> I believe Java did this deliberately to avoid the trouble that C and C++ have with signed and unsigned integer types having to coexist.
The problems really only come from mixing those types, and the simple solution is to disallow such mixing without explicit casts in cases where the result type is not wide enough to represent all possible values - this is exactly what C# does.
I think Java designers just assumed that high-level code doesn't need those, and low-level code can use wrappers that work on signed types as if they were unsigned (esp. since with wraparound, many common operations are the same).
> Java-style wrapping integers should never be the default
The ironic thing about this one is that C# introduced "checked" and "unchecked" specifically to control this... and then defaulted to "unchecked", so most C# code out there assumes the same. Opportunity lost.
While we're on the subject of numeric types - the other mistake, IMO, is pushing binary floating point numbers as the default representation for reals. It makes sense perf-wise, sure - but humans think in decimal, and it makes for a very big difference with floats, that sometimes translates to very expensive bugs. At the very least, a modern high-level language should offer decimal floating-point types that are at least as easy to use as binary floating-point (e.g. first-class literals, overloaded operators etc).

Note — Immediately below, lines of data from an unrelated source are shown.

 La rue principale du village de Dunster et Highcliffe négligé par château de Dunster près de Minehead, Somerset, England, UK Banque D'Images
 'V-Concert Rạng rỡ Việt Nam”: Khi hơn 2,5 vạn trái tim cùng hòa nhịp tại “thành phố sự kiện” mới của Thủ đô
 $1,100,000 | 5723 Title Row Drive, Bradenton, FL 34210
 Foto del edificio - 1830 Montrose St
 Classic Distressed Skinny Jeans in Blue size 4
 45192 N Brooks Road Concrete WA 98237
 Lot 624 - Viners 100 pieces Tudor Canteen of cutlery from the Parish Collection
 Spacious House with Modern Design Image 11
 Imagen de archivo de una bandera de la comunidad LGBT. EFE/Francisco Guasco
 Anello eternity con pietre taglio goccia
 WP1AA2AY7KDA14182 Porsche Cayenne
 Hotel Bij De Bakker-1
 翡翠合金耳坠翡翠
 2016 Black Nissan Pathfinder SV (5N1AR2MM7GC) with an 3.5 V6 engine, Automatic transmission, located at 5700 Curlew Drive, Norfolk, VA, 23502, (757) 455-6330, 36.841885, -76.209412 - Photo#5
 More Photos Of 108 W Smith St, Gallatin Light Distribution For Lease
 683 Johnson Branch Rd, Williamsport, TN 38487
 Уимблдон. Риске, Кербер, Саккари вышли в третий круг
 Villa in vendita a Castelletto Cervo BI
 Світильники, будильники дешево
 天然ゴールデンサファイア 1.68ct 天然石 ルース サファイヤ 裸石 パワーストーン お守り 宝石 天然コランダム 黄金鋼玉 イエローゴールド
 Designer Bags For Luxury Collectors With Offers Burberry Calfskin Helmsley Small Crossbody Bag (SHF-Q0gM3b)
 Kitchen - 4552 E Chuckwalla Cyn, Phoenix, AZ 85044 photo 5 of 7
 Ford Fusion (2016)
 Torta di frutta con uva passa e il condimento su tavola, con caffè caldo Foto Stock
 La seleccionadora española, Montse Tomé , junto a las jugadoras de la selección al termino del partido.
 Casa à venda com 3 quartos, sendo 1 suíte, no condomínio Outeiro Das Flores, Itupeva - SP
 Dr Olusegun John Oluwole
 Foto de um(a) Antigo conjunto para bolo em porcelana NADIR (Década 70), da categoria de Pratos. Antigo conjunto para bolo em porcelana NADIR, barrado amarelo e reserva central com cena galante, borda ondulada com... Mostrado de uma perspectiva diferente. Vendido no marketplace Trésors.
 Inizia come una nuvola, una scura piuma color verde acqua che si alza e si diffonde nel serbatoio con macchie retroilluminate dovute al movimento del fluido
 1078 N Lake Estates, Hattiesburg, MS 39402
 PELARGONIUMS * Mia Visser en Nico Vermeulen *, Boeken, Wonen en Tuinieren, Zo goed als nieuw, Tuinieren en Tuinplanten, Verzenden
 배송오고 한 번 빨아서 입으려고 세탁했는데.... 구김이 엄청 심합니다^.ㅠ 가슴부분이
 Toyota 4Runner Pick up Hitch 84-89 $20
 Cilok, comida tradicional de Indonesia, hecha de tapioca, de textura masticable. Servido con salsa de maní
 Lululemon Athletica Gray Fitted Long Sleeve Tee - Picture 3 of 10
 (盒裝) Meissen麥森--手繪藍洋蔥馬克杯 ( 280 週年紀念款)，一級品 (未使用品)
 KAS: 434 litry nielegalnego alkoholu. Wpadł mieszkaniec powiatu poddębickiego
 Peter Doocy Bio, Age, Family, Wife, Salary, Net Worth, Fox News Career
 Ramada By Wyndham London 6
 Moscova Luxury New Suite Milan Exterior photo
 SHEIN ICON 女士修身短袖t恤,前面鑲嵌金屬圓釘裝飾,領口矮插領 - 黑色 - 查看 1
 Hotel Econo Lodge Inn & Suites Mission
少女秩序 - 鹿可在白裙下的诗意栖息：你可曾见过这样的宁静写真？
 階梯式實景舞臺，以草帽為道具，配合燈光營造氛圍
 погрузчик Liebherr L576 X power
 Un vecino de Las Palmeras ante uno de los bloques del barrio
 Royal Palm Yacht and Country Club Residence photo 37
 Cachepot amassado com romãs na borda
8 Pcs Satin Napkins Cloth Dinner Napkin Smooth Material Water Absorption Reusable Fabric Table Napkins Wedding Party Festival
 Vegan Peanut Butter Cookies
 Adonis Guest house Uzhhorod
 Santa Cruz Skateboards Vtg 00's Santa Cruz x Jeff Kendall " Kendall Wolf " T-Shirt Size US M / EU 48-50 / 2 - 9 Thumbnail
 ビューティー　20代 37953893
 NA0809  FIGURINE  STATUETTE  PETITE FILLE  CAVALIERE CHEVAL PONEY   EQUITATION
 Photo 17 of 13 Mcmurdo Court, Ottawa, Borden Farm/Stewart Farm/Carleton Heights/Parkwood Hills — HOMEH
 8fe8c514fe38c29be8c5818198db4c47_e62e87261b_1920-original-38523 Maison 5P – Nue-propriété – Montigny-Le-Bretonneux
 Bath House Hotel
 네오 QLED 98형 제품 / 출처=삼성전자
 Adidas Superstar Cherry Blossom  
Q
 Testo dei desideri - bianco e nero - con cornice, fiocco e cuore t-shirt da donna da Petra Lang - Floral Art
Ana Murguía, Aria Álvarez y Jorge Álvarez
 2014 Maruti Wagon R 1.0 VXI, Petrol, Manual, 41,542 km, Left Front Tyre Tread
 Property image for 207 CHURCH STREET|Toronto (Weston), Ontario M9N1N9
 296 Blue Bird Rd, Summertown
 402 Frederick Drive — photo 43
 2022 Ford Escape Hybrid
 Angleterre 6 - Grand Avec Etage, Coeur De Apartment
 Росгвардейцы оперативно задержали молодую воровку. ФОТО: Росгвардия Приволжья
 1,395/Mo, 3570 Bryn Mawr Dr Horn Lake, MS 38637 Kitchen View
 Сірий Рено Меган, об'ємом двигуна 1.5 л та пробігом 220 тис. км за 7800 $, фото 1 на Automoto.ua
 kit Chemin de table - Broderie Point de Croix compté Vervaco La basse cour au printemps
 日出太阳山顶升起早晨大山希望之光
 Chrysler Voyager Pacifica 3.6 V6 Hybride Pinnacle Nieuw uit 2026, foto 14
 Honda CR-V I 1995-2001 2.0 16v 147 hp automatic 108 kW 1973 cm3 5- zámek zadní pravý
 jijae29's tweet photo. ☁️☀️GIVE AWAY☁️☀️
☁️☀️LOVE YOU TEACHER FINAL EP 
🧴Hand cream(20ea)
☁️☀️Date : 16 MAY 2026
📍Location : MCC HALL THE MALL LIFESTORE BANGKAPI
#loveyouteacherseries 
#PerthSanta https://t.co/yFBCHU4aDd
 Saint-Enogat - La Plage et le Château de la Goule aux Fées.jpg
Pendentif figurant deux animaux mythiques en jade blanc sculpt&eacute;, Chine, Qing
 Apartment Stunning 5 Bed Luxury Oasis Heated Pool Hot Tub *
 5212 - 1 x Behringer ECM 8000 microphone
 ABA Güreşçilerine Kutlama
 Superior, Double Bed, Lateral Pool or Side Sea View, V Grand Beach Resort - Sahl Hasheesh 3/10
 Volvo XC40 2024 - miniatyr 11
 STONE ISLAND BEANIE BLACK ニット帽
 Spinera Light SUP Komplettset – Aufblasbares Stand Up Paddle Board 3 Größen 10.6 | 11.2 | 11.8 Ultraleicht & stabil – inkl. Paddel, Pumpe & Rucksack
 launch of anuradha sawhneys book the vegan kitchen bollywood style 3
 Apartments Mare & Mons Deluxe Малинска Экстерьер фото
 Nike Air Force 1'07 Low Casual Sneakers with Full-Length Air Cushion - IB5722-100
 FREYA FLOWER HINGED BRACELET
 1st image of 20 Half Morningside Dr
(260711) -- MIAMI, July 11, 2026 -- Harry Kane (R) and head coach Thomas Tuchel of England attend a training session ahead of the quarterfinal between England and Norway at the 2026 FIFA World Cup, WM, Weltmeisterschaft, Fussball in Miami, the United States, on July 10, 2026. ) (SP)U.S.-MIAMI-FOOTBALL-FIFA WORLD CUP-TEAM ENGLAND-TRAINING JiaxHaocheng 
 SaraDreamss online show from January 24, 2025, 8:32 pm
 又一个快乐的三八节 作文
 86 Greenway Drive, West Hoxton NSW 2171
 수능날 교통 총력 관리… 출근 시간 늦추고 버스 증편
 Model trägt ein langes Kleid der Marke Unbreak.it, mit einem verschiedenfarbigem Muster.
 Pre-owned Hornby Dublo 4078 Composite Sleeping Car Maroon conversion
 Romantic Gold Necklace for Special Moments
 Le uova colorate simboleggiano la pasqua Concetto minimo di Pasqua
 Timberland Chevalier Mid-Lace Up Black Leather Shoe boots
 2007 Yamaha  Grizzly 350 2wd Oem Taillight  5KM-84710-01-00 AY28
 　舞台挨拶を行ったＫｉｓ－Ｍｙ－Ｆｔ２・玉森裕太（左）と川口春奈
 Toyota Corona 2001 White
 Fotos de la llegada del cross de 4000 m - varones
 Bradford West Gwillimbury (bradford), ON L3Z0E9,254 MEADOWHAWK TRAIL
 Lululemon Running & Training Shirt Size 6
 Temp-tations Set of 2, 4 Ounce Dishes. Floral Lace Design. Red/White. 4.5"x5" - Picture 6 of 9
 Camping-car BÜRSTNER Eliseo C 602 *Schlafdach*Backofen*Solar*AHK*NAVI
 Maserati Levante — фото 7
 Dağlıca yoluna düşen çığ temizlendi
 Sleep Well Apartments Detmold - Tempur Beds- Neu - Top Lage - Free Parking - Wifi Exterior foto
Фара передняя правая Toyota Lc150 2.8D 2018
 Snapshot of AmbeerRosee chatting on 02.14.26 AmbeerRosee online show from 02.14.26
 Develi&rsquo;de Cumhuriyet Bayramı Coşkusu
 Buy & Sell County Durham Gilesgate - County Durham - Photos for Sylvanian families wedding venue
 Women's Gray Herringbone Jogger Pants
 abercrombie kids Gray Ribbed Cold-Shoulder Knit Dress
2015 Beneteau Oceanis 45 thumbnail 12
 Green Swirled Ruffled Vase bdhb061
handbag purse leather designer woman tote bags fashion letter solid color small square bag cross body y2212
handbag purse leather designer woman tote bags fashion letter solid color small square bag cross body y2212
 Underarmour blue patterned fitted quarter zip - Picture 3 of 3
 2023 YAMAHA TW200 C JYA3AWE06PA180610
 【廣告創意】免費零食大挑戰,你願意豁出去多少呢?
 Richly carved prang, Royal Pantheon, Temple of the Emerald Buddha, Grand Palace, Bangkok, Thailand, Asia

C# almost got it right with "decimal"... except that fractional literals still default to "double", so you need to slap the "M" suffix everywhere. It really ought to be the other way around - slower but safer choice by default, and opt into fast binary floating-point where you actually need perf.
> At least Java has the defence that they didn't know how it would pan out. C# has no such excuse in copying Java.
I think both Java and C# did it as an attempt to offer some generic data structure that could cover as many use cases as possible, since neither had user-defined generic types. In retrospect, it was an error - but before true generics became a thing, it was also a godsend in some cases.
My opinion is that a high-level language like Java has no business making me guess how many bytes my numeric values will occupy. It's insane. Since when does Java give a crap about memory space? "Allocations are cheap!" they said. "Computers are fast!" they said about indirection costs. Then they stopped and asked me if I want my number to occupy 1, 2, 4 or 8 bytes? Are you kidding me?
Yes, you should have those types available so that your Java code can interact with a SQL database, or do some low-ish level network crap, or FFI with C or something. But the default should basically be a smart version of BigInteger that maybe the JVM and/or compiler could guesstimate the size of or optimize while running.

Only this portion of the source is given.